Available data
# # #

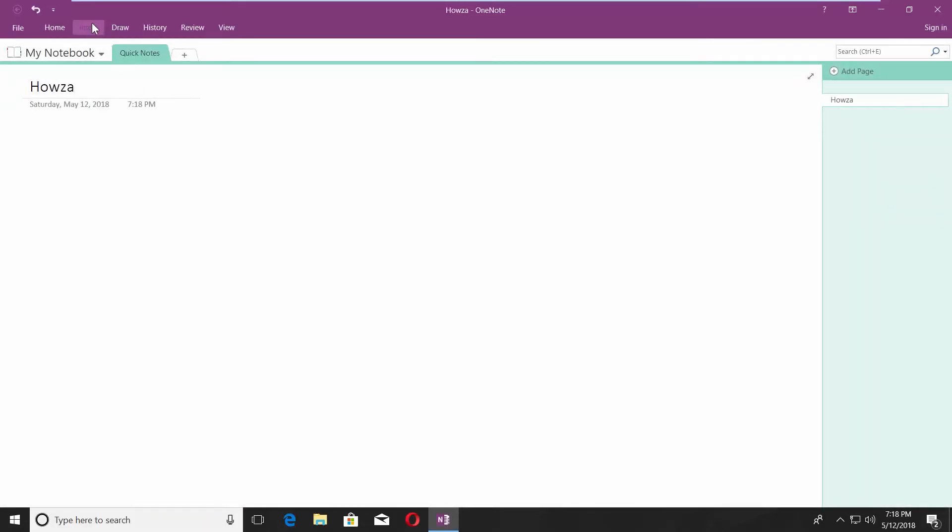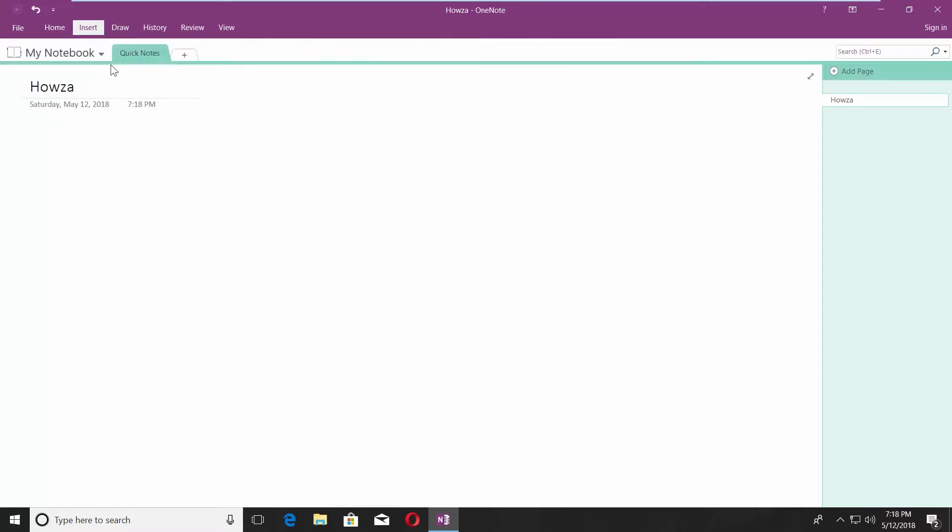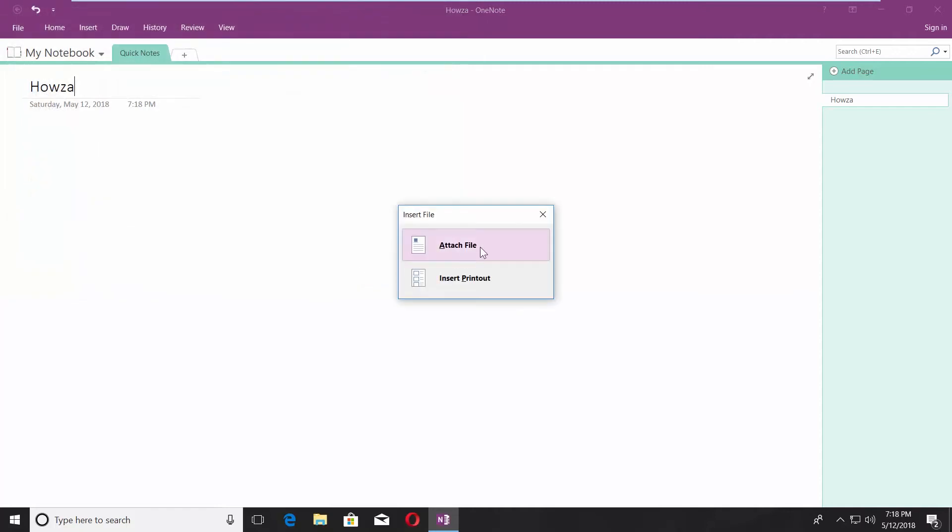Go to Insert tab. Click on File Attachment. Select the PDF file you need and click on Insert. Click on Attach File.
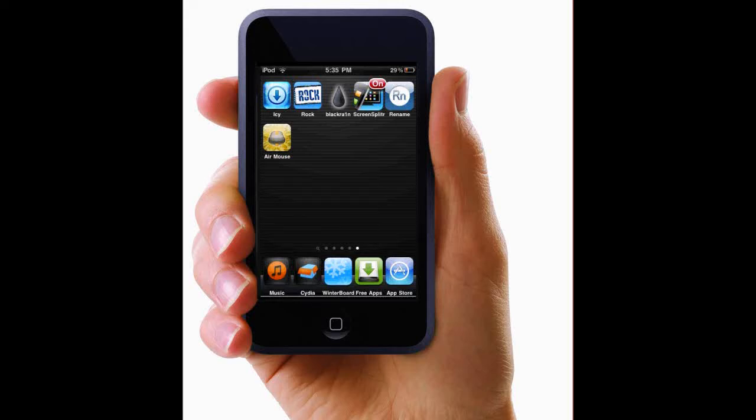Today I'm going to be showing you how to get free apps on the iPod Touch or iPhone. First what you do is open up Cydia.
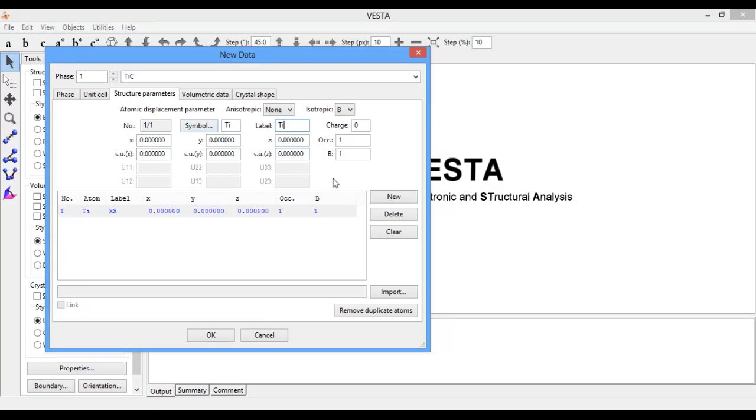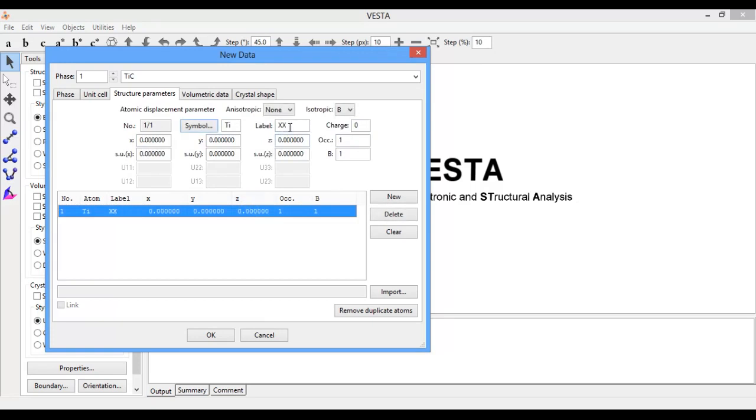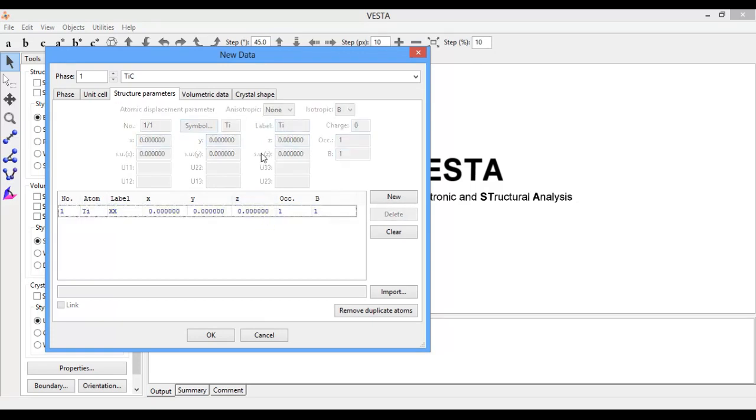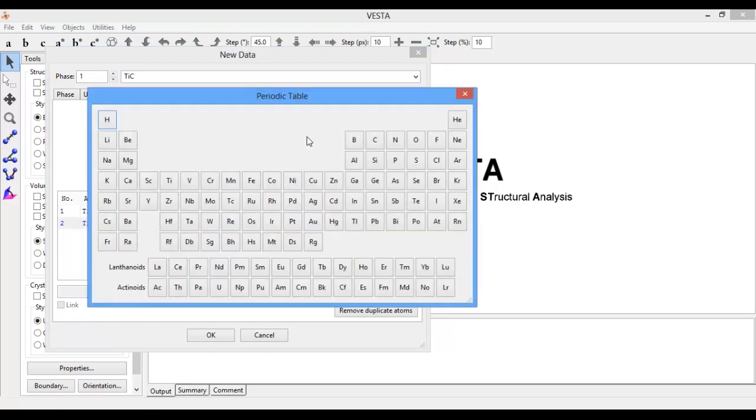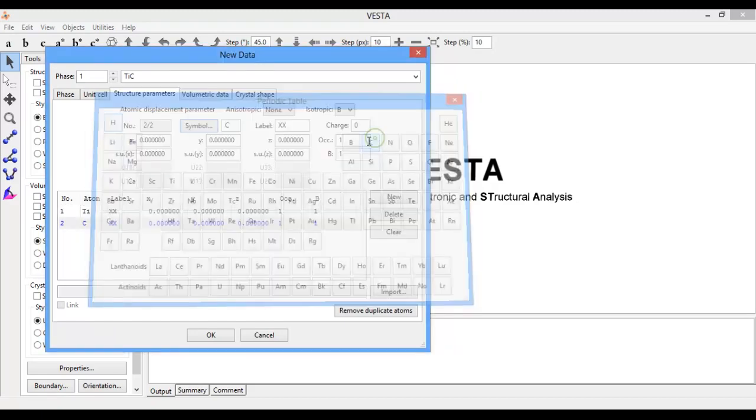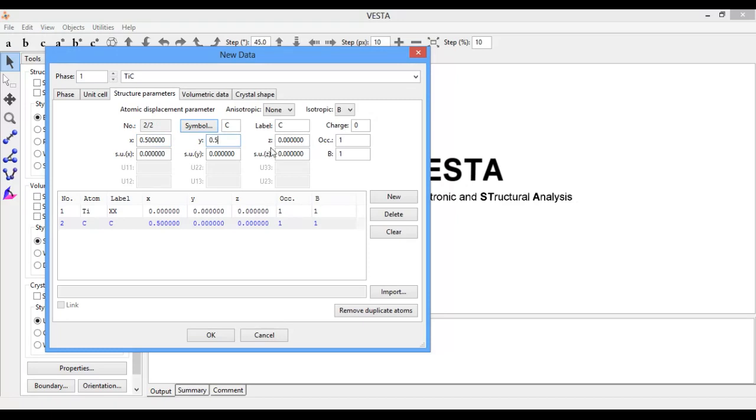This is labeled as Ti. Create new, symbol it as C. Now let's see - the carbon atom has a position of X equal to 0.5, Y is equal to 0.5, and Z is equal to 0.5.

# # #

Work task
Once more, give the listing above exactly, leaving each picture out.

Exercise output
Go to Insert tab. Click on File Attachment. Select the PDF file you need and click on Insert. Click on Attach File.
Today I'm going to be showing you how to get free apps on the iPod Touch or iPhone. First what you do is open up Cydia.
This is labeled as Ti. Create new, symbol it as C. Now let's see - the carbon atom has a position of X equal to 0.5, Y is equal to 0.5, and Z is equal to 0.5.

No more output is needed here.